====== EXCERPTED DATA

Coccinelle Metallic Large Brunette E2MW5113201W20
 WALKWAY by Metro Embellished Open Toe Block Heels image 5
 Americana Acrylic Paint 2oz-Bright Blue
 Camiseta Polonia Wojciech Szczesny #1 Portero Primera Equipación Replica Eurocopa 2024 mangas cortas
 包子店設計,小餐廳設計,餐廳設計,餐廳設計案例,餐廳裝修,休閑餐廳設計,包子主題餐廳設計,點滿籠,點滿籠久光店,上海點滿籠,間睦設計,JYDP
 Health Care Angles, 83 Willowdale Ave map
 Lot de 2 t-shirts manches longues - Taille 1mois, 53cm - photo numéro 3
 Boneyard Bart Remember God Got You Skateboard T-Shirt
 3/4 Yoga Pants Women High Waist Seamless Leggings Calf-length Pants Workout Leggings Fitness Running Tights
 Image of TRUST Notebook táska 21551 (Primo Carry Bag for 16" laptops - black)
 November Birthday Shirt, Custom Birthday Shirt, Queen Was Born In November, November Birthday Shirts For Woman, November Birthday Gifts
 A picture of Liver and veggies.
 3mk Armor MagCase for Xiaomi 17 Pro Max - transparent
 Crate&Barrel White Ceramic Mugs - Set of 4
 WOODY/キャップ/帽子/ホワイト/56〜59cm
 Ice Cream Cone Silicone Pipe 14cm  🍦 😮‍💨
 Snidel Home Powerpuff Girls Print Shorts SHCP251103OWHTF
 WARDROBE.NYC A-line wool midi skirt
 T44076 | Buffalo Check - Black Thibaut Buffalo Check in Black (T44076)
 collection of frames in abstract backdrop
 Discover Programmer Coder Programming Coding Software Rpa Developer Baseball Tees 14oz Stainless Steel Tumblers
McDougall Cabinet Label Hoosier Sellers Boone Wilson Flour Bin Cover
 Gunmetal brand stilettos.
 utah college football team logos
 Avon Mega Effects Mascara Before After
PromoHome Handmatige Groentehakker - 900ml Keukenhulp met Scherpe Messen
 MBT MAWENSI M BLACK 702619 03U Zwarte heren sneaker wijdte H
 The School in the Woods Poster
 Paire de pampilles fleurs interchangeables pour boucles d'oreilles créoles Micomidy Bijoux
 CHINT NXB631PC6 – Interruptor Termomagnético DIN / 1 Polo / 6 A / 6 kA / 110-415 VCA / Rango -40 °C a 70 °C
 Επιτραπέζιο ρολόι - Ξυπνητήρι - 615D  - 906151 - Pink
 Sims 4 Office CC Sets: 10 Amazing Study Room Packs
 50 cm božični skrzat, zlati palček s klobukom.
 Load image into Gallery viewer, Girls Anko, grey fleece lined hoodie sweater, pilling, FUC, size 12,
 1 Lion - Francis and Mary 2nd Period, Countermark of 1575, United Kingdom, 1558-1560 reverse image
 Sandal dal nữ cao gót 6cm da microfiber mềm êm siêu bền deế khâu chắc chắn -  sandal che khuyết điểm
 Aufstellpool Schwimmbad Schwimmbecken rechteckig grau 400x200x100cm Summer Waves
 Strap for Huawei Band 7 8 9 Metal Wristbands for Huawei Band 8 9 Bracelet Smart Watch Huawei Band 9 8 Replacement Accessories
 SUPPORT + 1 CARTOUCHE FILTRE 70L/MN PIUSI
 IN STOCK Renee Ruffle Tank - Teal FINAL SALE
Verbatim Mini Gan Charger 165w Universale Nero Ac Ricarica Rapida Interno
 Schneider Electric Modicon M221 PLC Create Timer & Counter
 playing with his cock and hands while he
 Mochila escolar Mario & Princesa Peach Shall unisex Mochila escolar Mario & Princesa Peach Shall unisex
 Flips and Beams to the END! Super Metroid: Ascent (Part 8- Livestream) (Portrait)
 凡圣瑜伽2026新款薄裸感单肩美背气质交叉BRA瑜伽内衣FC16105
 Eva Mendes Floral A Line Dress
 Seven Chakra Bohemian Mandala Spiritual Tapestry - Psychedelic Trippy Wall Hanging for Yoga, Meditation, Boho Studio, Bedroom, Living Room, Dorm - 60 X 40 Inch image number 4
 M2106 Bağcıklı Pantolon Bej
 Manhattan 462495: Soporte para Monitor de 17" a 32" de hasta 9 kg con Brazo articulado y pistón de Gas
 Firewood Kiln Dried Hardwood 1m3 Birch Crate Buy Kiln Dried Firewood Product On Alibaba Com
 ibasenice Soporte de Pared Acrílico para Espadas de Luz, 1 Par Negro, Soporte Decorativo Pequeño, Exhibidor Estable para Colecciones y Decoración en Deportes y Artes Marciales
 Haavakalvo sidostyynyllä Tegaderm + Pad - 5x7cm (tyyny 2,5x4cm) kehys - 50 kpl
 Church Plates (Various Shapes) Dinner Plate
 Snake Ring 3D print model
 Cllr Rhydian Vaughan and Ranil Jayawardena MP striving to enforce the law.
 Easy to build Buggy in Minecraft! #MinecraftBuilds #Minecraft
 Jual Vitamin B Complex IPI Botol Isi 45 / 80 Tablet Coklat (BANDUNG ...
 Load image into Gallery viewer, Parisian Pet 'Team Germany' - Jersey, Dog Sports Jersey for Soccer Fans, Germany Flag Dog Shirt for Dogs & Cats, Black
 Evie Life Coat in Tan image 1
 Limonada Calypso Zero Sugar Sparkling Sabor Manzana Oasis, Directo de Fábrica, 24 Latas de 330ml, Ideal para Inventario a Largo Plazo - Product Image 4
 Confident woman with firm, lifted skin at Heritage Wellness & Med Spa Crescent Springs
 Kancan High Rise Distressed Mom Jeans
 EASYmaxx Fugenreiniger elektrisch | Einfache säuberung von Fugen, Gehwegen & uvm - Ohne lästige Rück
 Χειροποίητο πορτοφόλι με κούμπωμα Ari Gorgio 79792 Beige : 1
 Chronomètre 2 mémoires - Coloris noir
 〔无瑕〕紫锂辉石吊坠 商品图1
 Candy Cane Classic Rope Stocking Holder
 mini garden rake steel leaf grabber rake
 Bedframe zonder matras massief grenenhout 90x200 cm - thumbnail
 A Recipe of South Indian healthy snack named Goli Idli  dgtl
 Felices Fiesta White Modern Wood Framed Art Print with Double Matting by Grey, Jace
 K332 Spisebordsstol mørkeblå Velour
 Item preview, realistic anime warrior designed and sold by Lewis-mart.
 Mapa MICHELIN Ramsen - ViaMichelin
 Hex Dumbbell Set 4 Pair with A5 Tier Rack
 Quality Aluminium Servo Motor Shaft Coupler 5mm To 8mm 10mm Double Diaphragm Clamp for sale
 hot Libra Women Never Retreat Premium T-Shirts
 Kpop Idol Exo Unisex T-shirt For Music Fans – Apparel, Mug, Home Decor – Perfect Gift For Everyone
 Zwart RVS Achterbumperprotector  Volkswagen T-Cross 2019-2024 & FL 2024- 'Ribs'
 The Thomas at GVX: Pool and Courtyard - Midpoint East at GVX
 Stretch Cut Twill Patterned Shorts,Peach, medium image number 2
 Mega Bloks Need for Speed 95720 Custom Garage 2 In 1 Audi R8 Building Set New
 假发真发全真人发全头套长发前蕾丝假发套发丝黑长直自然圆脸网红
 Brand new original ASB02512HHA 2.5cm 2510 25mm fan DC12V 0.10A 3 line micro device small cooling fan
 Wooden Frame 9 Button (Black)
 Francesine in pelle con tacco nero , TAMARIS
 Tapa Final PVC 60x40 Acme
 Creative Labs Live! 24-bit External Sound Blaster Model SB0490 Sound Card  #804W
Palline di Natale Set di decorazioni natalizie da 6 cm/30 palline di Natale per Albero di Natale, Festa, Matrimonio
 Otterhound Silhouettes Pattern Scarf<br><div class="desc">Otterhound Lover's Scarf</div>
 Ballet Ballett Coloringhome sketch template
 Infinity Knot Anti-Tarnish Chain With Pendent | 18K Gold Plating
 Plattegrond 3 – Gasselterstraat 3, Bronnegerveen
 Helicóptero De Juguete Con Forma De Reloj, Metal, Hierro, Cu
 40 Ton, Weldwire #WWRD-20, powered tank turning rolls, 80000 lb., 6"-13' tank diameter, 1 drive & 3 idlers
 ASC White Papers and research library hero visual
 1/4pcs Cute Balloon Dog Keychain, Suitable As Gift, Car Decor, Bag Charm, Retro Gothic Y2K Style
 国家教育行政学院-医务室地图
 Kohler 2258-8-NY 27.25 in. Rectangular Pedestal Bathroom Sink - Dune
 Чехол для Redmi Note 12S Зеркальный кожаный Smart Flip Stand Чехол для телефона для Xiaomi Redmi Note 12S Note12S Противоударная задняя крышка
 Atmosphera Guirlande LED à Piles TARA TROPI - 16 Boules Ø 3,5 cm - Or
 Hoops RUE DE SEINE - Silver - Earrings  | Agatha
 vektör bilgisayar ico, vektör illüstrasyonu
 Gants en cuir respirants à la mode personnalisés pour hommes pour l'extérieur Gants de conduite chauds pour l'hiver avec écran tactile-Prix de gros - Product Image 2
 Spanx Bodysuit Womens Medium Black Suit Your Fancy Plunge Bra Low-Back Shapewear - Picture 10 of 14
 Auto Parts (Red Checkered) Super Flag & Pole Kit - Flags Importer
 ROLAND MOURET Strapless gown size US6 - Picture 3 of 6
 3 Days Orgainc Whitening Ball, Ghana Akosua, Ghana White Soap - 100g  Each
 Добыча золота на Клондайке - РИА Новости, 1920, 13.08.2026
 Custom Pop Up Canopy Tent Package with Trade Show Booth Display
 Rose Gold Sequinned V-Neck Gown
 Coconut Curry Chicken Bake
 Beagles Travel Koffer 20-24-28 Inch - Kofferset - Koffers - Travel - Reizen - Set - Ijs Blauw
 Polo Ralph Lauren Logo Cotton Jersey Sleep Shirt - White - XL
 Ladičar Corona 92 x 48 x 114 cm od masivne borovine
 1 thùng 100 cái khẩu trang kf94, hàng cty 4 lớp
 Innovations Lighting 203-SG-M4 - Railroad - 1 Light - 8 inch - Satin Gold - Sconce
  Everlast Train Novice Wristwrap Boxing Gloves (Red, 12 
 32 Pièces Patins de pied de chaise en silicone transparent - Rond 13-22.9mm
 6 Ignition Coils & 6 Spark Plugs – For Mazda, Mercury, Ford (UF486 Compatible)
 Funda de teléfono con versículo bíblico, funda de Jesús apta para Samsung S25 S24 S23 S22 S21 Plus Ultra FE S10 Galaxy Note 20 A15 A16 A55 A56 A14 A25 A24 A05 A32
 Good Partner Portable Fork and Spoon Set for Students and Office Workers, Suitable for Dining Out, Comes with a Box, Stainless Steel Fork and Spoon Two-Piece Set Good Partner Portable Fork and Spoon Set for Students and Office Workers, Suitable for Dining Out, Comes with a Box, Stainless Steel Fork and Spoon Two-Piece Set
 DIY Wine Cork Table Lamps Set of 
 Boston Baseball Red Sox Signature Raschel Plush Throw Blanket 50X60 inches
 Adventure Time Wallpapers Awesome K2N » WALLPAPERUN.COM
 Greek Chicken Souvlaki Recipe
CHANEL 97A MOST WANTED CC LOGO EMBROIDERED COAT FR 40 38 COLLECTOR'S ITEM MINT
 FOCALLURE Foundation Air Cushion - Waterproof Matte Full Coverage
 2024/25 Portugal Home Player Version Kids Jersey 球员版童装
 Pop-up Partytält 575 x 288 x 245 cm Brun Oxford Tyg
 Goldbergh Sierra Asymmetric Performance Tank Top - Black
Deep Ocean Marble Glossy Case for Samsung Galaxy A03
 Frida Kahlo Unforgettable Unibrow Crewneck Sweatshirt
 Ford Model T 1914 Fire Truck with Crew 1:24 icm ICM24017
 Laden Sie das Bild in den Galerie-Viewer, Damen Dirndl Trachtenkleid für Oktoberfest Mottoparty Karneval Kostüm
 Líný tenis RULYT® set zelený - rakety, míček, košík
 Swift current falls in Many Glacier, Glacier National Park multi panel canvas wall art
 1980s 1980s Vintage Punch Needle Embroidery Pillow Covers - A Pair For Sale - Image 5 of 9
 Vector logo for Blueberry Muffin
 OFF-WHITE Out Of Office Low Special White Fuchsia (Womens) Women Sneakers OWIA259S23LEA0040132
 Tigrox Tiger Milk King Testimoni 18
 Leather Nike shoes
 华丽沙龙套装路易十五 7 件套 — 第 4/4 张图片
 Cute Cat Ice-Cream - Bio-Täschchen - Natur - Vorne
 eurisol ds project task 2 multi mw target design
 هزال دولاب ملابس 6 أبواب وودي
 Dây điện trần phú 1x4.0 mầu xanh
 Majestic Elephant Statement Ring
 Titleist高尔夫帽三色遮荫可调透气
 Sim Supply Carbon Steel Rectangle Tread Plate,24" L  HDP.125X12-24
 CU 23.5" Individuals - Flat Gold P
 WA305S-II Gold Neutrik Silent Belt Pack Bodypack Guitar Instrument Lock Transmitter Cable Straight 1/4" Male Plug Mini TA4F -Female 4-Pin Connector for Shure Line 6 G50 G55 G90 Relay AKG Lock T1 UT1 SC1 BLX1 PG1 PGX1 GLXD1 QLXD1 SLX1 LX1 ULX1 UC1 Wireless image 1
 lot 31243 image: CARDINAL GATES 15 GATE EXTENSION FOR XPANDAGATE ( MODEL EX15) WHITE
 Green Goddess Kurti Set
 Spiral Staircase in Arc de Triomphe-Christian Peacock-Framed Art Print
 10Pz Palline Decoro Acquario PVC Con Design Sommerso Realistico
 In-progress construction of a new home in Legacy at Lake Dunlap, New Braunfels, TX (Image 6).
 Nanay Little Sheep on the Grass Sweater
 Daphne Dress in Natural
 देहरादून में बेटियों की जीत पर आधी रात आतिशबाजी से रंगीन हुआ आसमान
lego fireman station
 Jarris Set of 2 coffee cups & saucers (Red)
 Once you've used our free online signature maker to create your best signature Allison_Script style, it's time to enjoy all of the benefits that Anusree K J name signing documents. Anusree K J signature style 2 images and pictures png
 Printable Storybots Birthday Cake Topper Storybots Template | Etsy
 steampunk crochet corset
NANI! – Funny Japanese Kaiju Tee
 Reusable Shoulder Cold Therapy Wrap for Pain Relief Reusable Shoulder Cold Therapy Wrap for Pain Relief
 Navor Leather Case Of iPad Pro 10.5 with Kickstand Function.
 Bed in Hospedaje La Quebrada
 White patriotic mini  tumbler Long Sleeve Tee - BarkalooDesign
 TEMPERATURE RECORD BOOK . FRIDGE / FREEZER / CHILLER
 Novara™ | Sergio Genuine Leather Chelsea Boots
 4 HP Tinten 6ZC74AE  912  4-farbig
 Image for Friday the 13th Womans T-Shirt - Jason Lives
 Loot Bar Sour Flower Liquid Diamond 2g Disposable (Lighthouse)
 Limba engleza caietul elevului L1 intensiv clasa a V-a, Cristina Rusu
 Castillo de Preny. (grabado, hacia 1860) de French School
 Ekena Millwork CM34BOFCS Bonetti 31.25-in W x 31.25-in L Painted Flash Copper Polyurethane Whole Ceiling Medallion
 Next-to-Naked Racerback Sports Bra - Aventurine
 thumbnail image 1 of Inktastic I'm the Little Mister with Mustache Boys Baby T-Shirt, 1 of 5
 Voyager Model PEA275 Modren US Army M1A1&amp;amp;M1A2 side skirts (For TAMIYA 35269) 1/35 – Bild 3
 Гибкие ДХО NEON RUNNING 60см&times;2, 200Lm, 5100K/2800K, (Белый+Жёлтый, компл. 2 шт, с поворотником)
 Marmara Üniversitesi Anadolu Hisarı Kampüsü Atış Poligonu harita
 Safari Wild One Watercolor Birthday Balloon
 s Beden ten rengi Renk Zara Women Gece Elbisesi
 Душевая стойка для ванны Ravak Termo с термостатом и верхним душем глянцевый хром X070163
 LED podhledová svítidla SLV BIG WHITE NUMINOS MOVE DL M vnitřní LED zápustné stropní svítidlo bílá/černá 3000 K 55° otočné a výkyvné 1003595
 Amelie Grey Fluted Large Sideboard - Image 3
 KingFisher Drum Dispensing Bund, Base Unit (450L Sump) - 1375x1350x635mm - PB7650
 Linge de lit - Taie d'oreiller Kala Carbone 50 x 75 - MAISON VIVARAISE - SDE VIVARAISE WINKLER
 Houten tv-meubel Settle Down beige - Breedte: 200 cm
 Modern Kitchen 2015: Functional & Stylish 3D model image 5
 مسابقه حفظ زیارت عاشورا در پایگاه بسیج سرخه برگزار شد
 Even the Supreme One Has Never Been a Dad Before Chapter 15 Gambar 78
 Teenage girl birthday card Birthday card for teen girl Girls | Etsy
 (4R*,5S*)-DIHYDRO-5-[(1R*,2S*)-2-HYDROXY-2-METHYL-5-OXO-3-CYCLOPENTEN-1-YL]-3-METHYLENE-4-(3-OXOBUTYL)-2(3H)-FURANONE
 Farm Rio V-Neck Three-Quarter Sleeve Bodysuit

============

> [WHAT TO DO] The lines from the beginning of the records through the line containing "Sims 4 Office" should be reproduced exactly. Include nothing else.

> [ANSWER BOX]
Coccinelle Metallic Large Brunette E2MW5113201W20
 WALKWAY by Metro Embellished Open Toe Block Heels image 5
 Americana Acrylic Paint 2oz-Bright Blue
 Camiseta Polonia Wojciech Szczesny #1 Portero Primera Equipación Replica Eurocopa 2024 mangas cortas
 包子店設計,小餐廳設計,餐廳設計,餐廳設計案例,餐廳裝修,休閑餐廳設計,包子主題餐廳設計,點滿籠,點滿籠久光店,上海點滿籠,間睦設計,JYDP
 Health Care Angles, 83 Willowdale Ave map
 Lot de 2 t-shirts manches longues - Taille 1mois, 53cm - photo numéro 3
 Boneyard Bart Remember God Got You Skateboard T-Shirt
 3/4 Yoga Pants Women High Waist Seamless Leggings Calf-length Pants Workout Leggings Fitness Running Tights
 Image of TRUST Notebook táska 21551 (Primo Carry Bag for 16" laptops - black)
 November Birthday Shirt, Custom Birthday Shirt, Queen Was Born In November, November Birthday Shirts For Woman, November Birthday Gifts
 A picture of Liver and veggies.
 3mk Armor MagCase for Xiaomi 17 Pro Max - transparent
 Crate&Barrel White Ceramic Mugs - Set of 4
 WOODY/キャップ/帽子/ホワイト/56〜59cm
 Ice Cream Cone Silicone Pipe 14cm  🍦 😮‍💨
 Snidel Home Powerpuff Girls Print Shorts SHCP251103OWHTF
 WARDROBE.NYC A-line wool midi skirt
 T44076 | Buffalo Check - Black Thibaut Buffalo Check in Black (T44076)
 collection of frames in abstract backdrop
 Discover Programmer Coder Programming Coding Software Rpa Developer Baseball Tees 14oz Stainless Steel Tumblers
McDougall Cabinet Label Hoosier Sellers Boone Wilson Flour Bin Cover
 Gunmetal brand stilettos.
 utah college football team logos
 Avon Mega Effects Mascara Before After
PromoHome Handmatige Groentehakker - 900ml Keukenhulp met Scherpe Messen
 MBT MAWENSI M BLACK 702619 03U Zwarte heren sneaker wijdte H
 The School in the Woods Poster
 Paire de pampilles fleurs interchangeables pour boucles d'oreilles créoles Micomidy Bijoux
 CHINT NXB631PC6 – Interruptor Termomagnético DIN / 1 Polo / 6 A / 6 kA / 110-415 VCA / Rango -40 °C a 70 °C
 Επιτραπέζιο ρολόι - Ξυπνητήρι - 615D  - 906151 - Pink
 Sims 4 Office CC Sets: 10 Amazing Study Room Packs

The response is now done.